Improvement of Small Signal Stability of SMIB System with Optimized Power System Stabilizer
Author(s) -
Mr. Y. Raghuvamsi*,
Mohani Abdul,
M. Rajesh
Publication year - 2020
Publication title -
international journal of innovative technology and exploring engineering
Language(s) - English
Resource type - Journals
ISSN - 2278-3075
DOI - 10.35940/ijitee.g5756.059720
Subject(s) - control theory (sociology) , electric power system , particle swarm optimization , damping torque , voltage regulator , torque , synchronizing , signal (programming language) , stability (learning theory) , low frequency , power (physics) , computer science , engineering , voltage , physics , control (management) , direct torque control , telecommunications , quantum mechanics , artificial intelligence , machine learning , induction motor , electrical engineering , transmission (telecommunications) , thermodynamics , programming language
As electrical power system is a complex system, there are more chances of stability issues may arise.

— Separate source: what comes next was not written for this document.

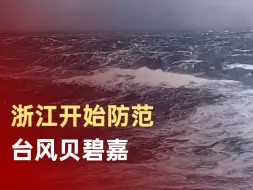 Descargar video: 浙江开始防范台风贝碧嘉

One of the stability issues is Low Frequency Oscillations (LFOs) which makes the system unstable. As these oscillations are having low frequency i.e. large time constant with slowly increasing magnitude, they are referred to small signal stability. The main reason of these oscillations is due to lack of sufficient damping torque. Automatic Voltage Regulator (AVR) action in generator is providing sufficient synchronizing torque for system stability. This is possible with high gain and low time constant AVR which results in reduction of damping torque. Power System Stabilizer (PSS) is used together with AVR for providing necessary damping torque to minimize the LFOs. For effective damping, the PSS performance is improved by optimizing its parameters. In this paper, Single Machine Infinite Bus (SMIB) system is considered for studying the effect of LFOs. The SMIB system is simulated for a step disturbance in reference voltage and the results are carried out for different optimizing techniques Particle Swarm Optimization (PSO), Cat Swarm Optimization (CSO), Teaching and Learning based Optimization (TLBO).